Para reduzir as chances de contaminação, operadores já intensificaram as ações de limpeza e higienização de trens e ônibus. O que se tem de fazer urgentemente é introduzir mecanismos para limitar a ocupação dos veículos e coibir aglomerações em plataformas, paradas e terminais. Situações de superlotação no transporte coletivo, infelizmente comuns na metrópole que tem uma rede relativamente restrita de transporte estrutural em relação à ordem de grandeza de sua população e de sua extensão territorial, são no presente contexto intoleráveis.

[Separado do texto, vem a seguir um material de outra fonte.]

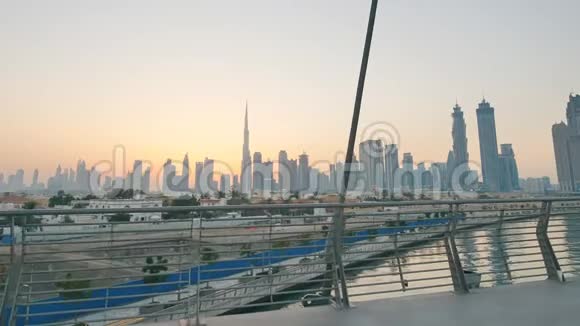 日出时迪拜摩天大楼的全景迪拜希腊区用电子方式进行射击视频的预览图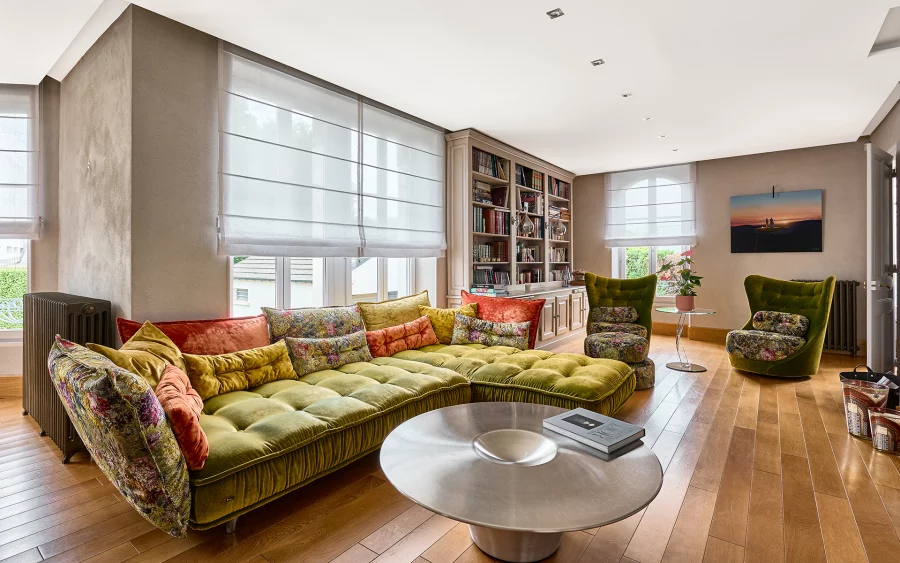 Salon de la maison bourgeoise rénovée au centre de Luxeuil-les-Bains à vendre - Arrière-Cour, agence immobilière spécialisée en Haute-Saône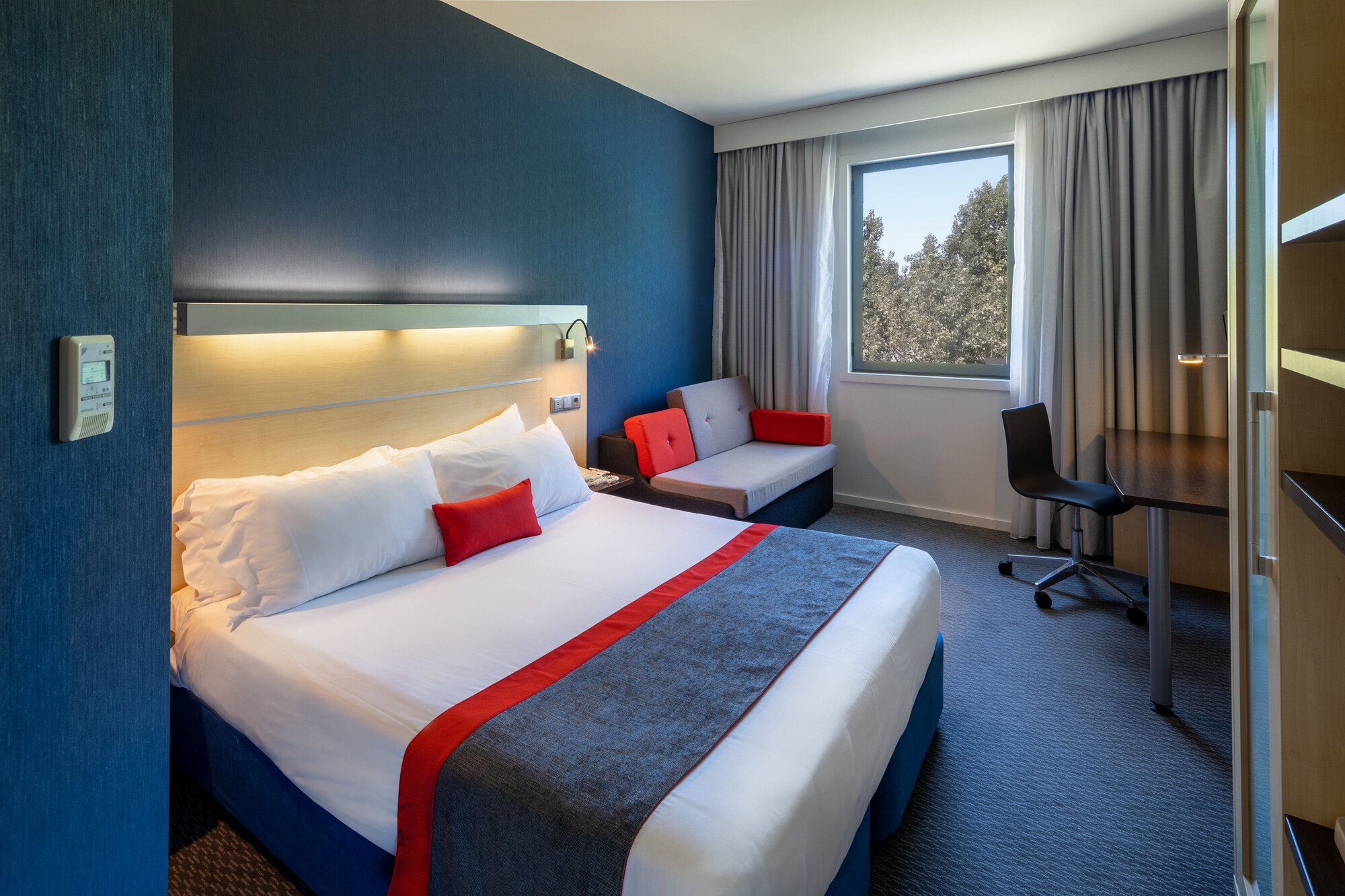 holiday inn express porto exponor by ihg
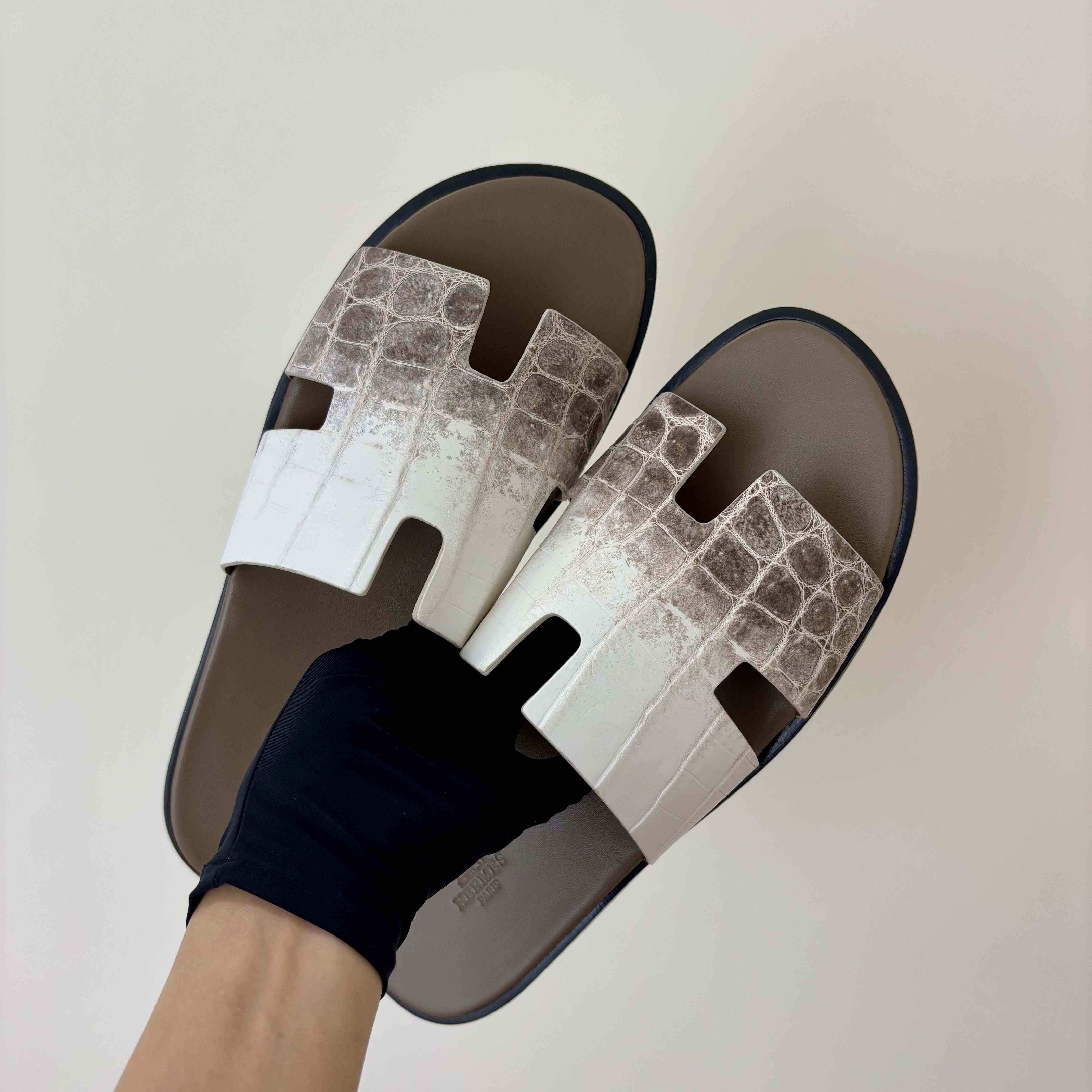 Hermes Izmir Sandal - FashionPlug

A manutenção de transporte público em funcionamento não deve ser entendida como um sinal oposto à recomendação de isolamento social e nem como um incentivo para que pessoas saiam de suas casas. Também não pode ser utilizada como argumento para que trabalhadores de serviços não essenciais se desloquem a seus usuais locais de trabalho.

Reduzir a oferta de transporte, por meio da suspensão de linhas de ônibus ou da diminuição do número de veículos em circulação, significa retirar a oportunidades de acesso e usufruto de serviços essenciais, além de agravar o problema da superlotação ao invés de mitigá-lo. Repensar a política de mobilidade urbana neste momento pode estar atrelada a uma questão de vida ou morte.

*Thiago Guimarães é doutor em mobilidade urbana pela Universidade de Leeds (Inglaterra), especializado em transporte e acesso a equipamentos de saúde.